Web URLs¶
Creates a Carbon connector configured for the Web Scraper integration. It ingests content from one or more web URLs using the standard Carbon data-connector flow provided by the base Carbon node. Behavior (inputs/outputs, sync, and error handling) is inherited from the generic Carbon data node.

Usage¶
Use this node when you need to ingest public web pages into your Carbon data workspace for downstream search, RAG, or analytics. Place it at the beginning of a data ingestion workflow, configure the standard Carbon connector settings (as exposed by the base Carbon data node), and connect its output to nodes that index, process, or consume the ingested content.
Inputs¶
| Field | Required | Type | Description | Example |
|---|---|---|---|---|
| urls | True | Not specified | One or more web URLs to scrape and ingest. Exact format and multiplicity are defined by the base Carbon data node. | https://example.com, https://example.com/docs/* |
| connector_authentication | False | Not specified | Standard Carbon connector credentials or token input as defined by the base Carbon data node. | |
| ingestion_options | False | Not specified | Common ingestion settings (e.g., crawl depth, include/exclude patterns, scheduling) exposed by the base Carbon data node, if available. | Not specified |
| destination_dataset | False | Not specified | Target dataset or collection within Carbon where scraped content will be stored, as defined by the base Carbon data node. | web_knowledge_base |
Outputs¶
| Field | Type | Description | Example |
|---|---|---|---|
| connector_output | Not specified | The standard output produced by Carbon data connector nodes (e.g., a handle or reference to the created/updated dataset or sync job). Exact type and structure are defined by the base Carbon data node. | Not specified |
Important Notes¶
- This node is a thin wrapper that selects the Web Scraper integration. All core behavior (inputs, outputs, validation, and execution) is defined by the base Carbon data node.
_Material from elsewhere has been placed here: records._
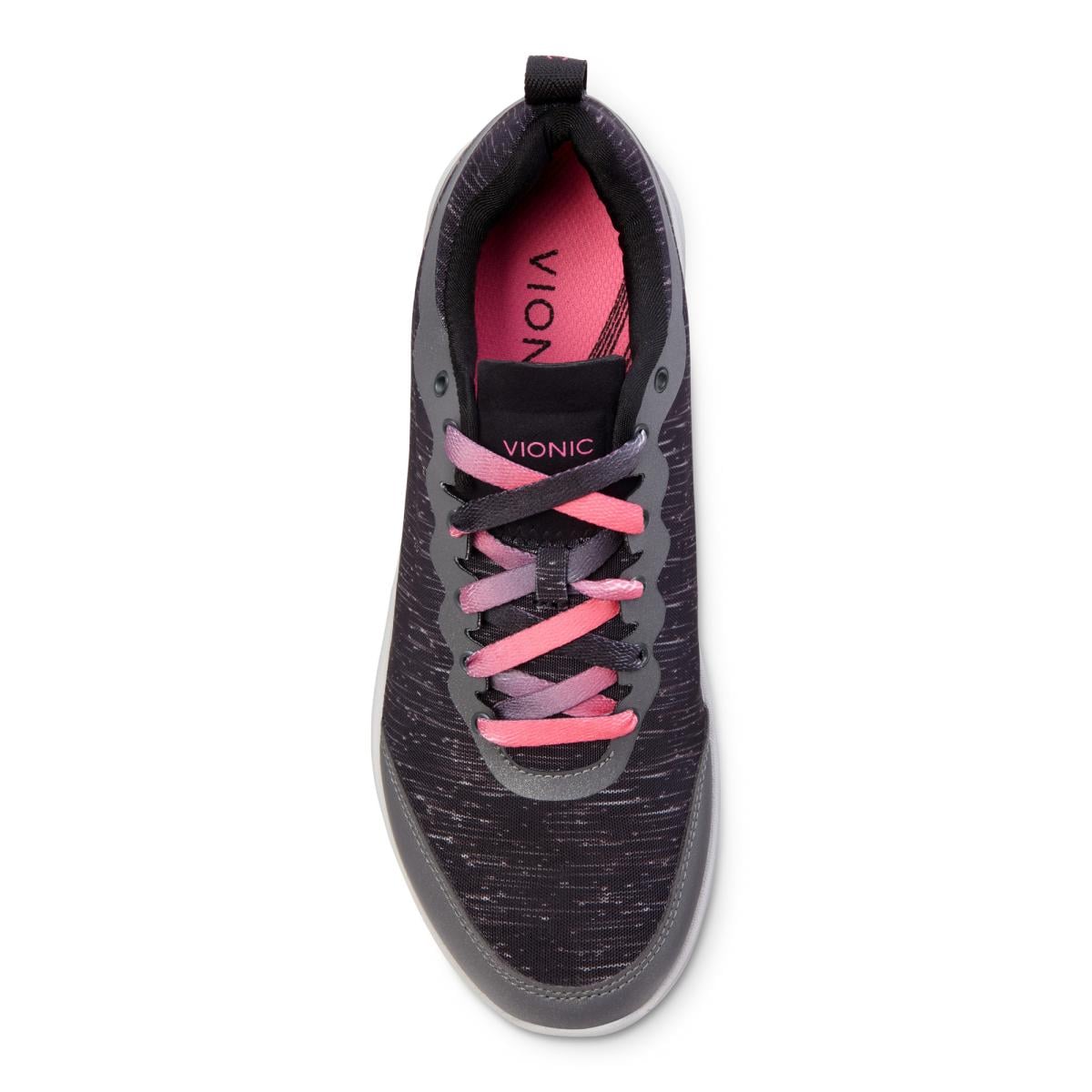 Vionic Agile Fyn Athletic Sneakers - Black - 3 top view.jpg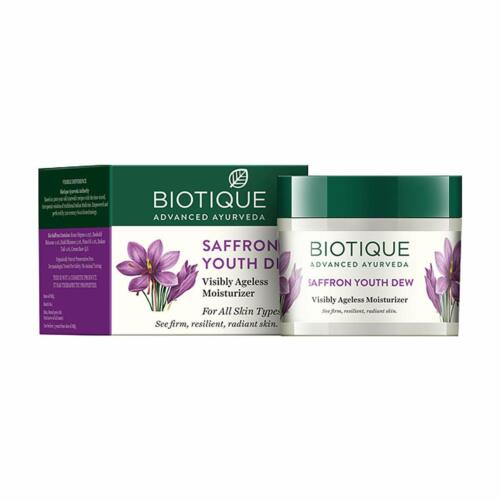 Biotique Saffron Youth Anti-Ageing Cream,50gm Reduces lines Lightens dark Spots - Picture 3 of 8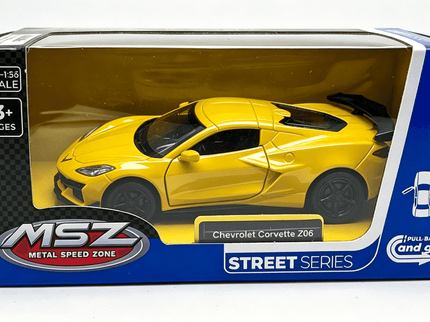 MSZ metallist mudelauto 2024 Chevrolet Corvette C8 Z06 , skaala 1:43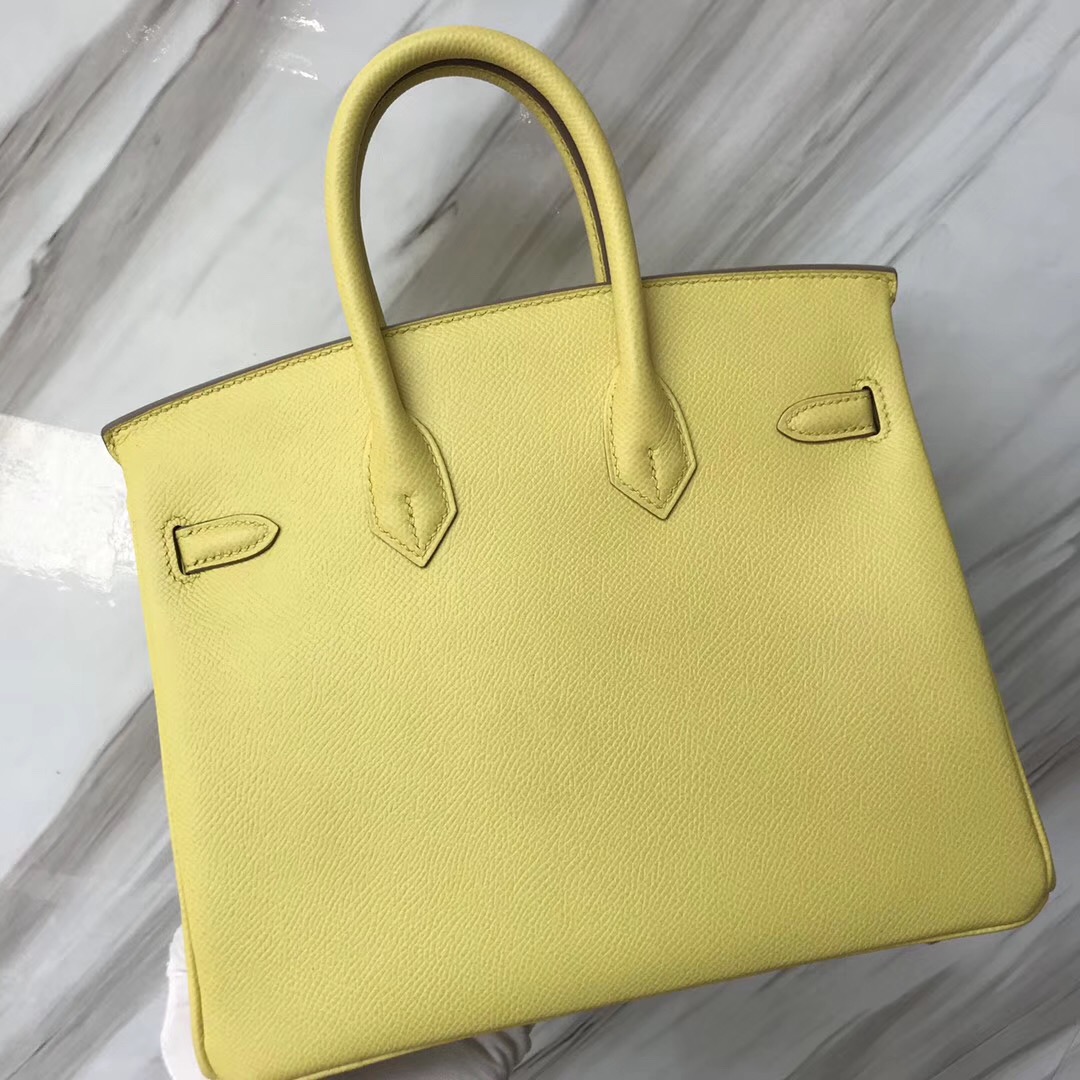 愛馬仕2019年D刻印鉑金包 Australia Hermes Birkin 25cm C9 Soupre 鵝蛋黃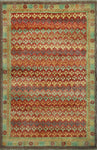 Balochi Audrina Burgundy/Charcoal Rug, 5'0" x 7'10"
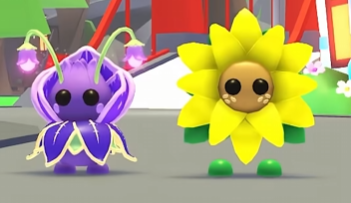 Sunflower Friend and Violet Friend
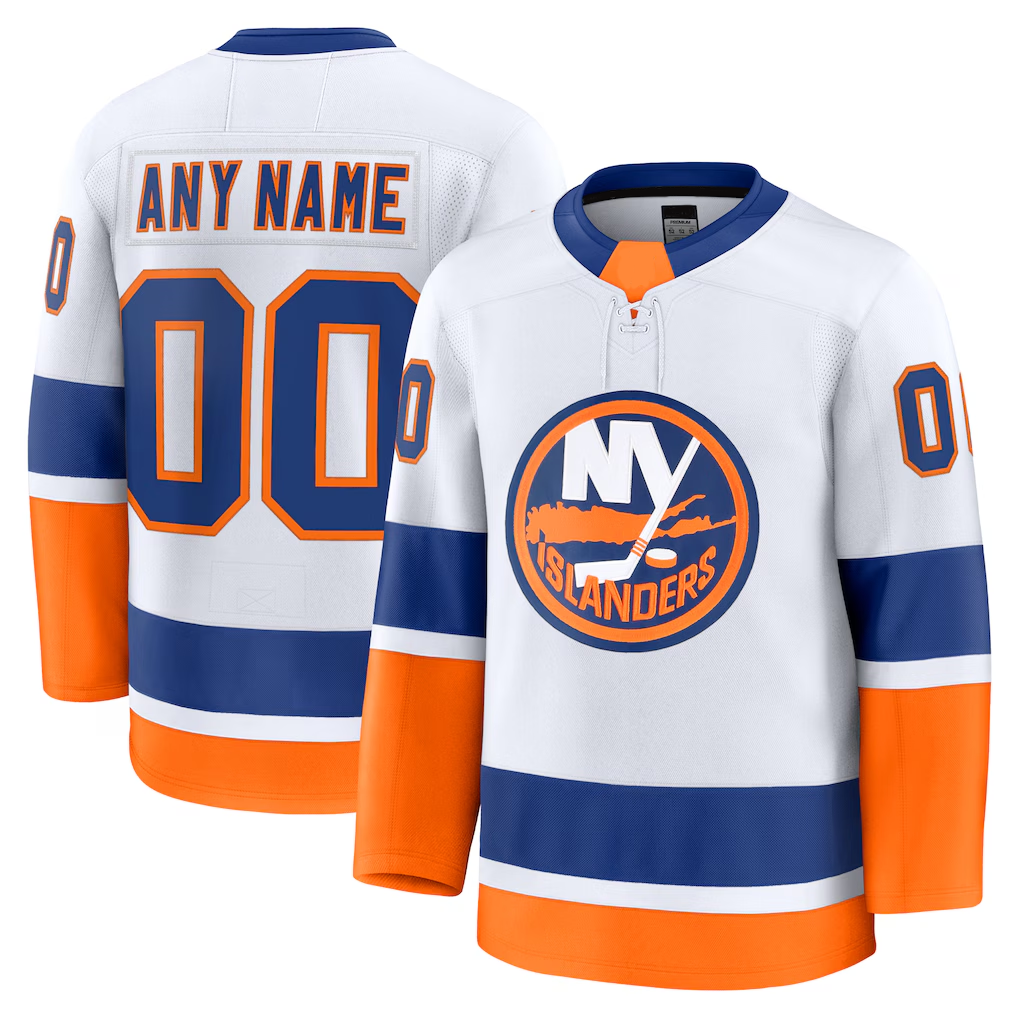 Robertx Custom NY.Islanders White Away Premium Jerseys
- The display name for this node is "Web URLs".
- Any required authentication, workspace, or dataset configuration must be provided via the standard inputs exposed by the base Carbon data node.
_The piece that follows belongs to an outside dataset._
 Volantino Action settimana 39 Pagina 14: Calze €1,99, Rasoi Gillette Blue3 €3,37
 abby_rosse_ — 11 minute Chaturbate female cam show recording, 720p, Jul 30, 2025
- The exact input and output types are not specified in this file and may vary with the version of the base Carbon data node.
Troubleshooting¶
- If inputs are unclear or missing, refer to the base Carbon data node documentation for the full list of required/optional parameters.
- If ingestion fails, verify that the URLs are accessible and valid, and check that your Carbon credentials (if required) are correctly configured.
- If no data appears downstream, ensure the destination dataset/workspace exists and that the sync job completed successfully as reported by the base Carbon data node.